Record extracts.
* * *
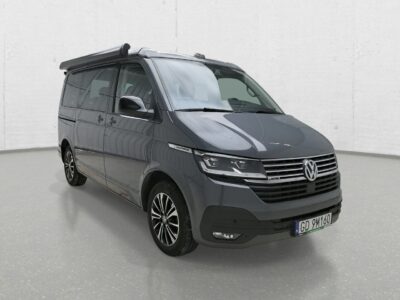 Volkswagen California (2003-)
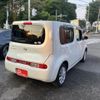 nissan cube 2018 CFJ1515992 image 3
* * *
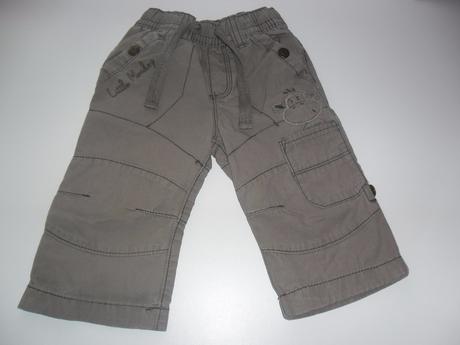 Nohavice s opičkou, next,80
* * *
Work item.
Start at the line containing "Volkswagen California (2003-)" above and stop at the line containing "nissan cube 2018 CFJ1515992 image 3". Output those lines exactly, both included, but none of the pictures.

Reply.
 Volkswagen California (2003-)
 nissan cube 2018 CFJ1515992 image 3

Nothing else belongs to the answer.